Diese Woche sollte in Kenias Hauptstadt eine große Gesprächsrunde stattfinden: zahlreiche kongolesische Milizen und Rebellengruppen sollen unter Mediation von Kenyatta mit ihrer Regierung verhandeln. Kongos Regierung weigert sich aber strikt, sich mit der M23 zusammenzusetzen. „Bis zum Abzug aus den besetzten Orten wird es keine Verhandlungen mit den Terroristen geben“, versichert Regierungssprecher Patrick Muyaya.
„Lasst uns den Krieg beenden und dann reden wir“, fordert Kenyatta nun die Konfliktparteien auf. „Wir können keinen Dialog führen und danach erst die Feindseligkeiten einstellen.“ Die Gespräche, die ursprünglich bereits im April geplant waren, wurden nun auf nächste Woche vertagt, auf den 21. November.

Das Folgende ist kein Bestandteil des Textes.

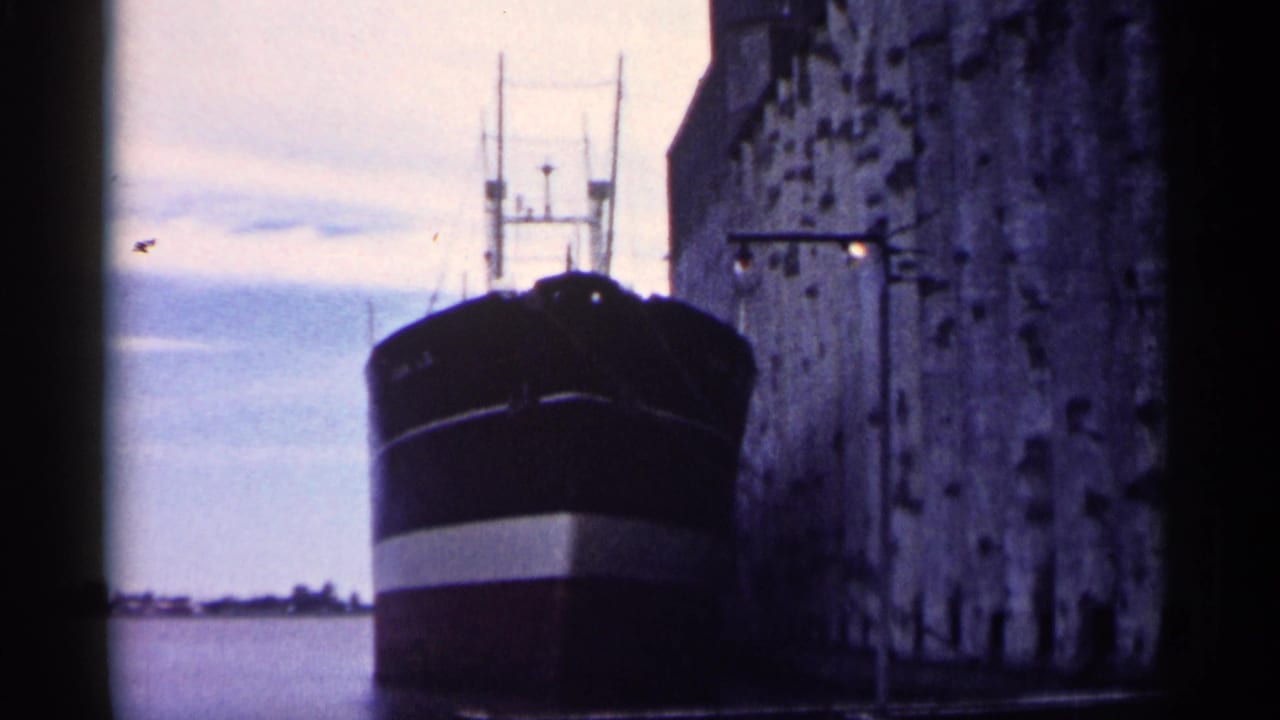 1961 8mm frame showing a dark-hulled ship with a white stripe docked next to a weathered stone pier, likely in Minnesota.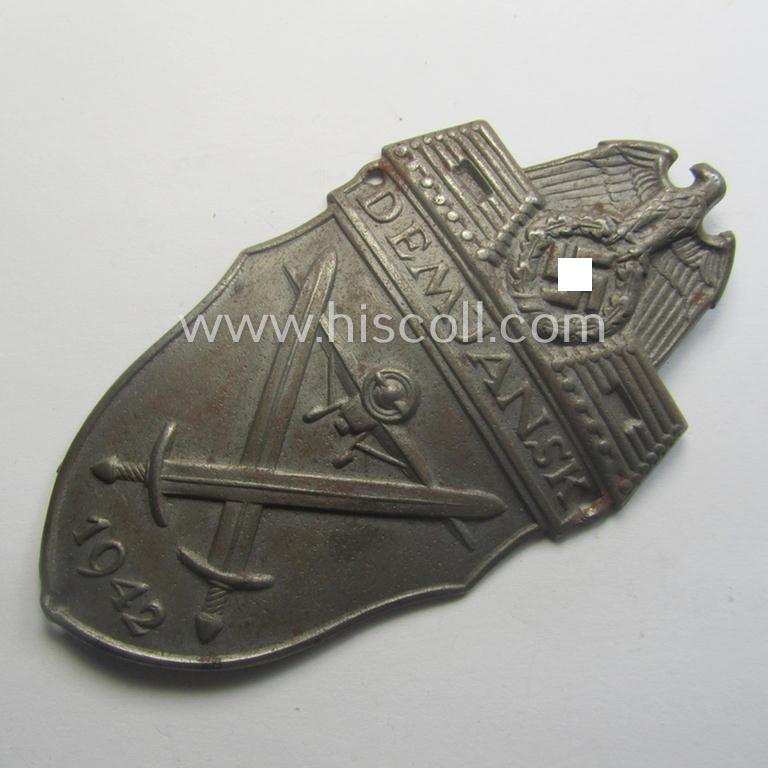 Nicely preserved - albeit regrettably incomplete ie. relic! - example of a WH (Heeres ie. Waffen-SS) 'Demjansk'-campaign-shield as executed in typical magnetic, so-called: 'Eisenblech'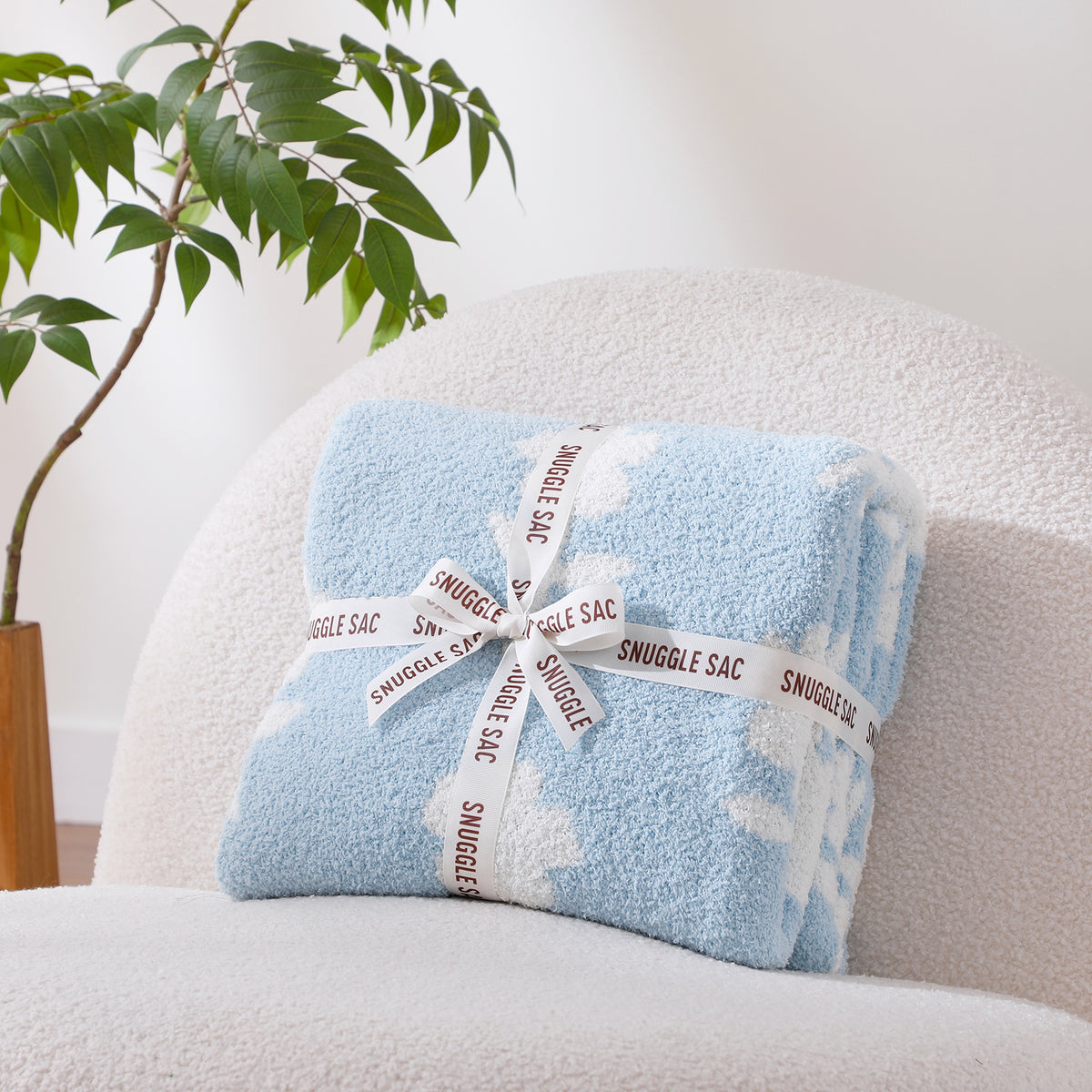 Folded flower blanket with 'Snuggle Sac' branding on a blue surface, accompanied by decorative flower print. #color_Sky Blue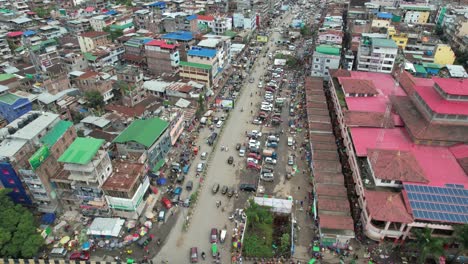 aerial drone shot of bridge surrounded by buildings, people, and cars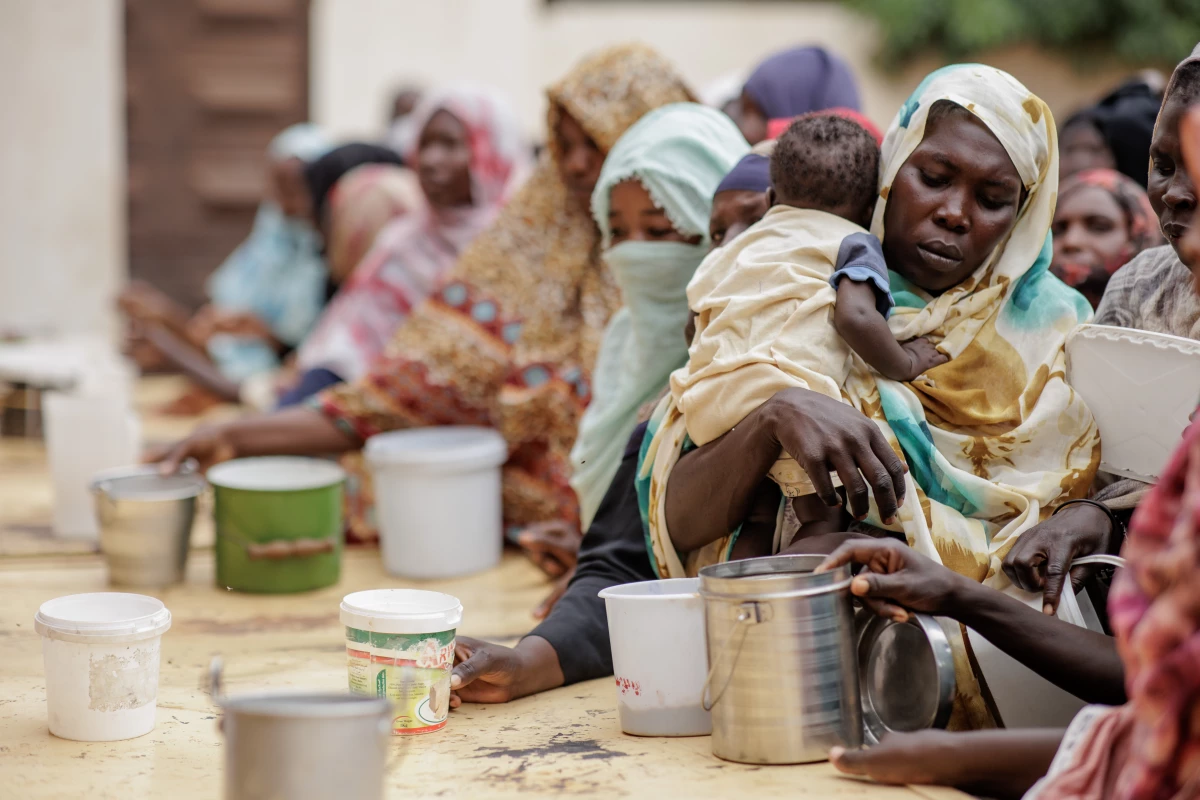 Women receive food from Friday Meals Sharing Kitchen in Omdurman, Sudan, on Sept. 6.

Und auch beim G20-Treffen im indonesischen Bali ist der neue Kongokrieg ein Thema. US-Außenminister Antony Blinken traf dort am Dienstag Ruandas Außenminister Vincent Biruta. UN-Ermittler haben Beweise veröffentlicht, dass Ruanda die M23 militärisch unterstützt. „Ich habe die tiefe Besorgnis der Vereinigten Staaten über die anhaltende Gewalt im Osten der Demokratischen Republik Kongo unterstrichen“, so Blinken. Er habe Ruanda aufgefordert, „aktive Schritte zur Erleichterung der Deeskalation zu unternehmen“.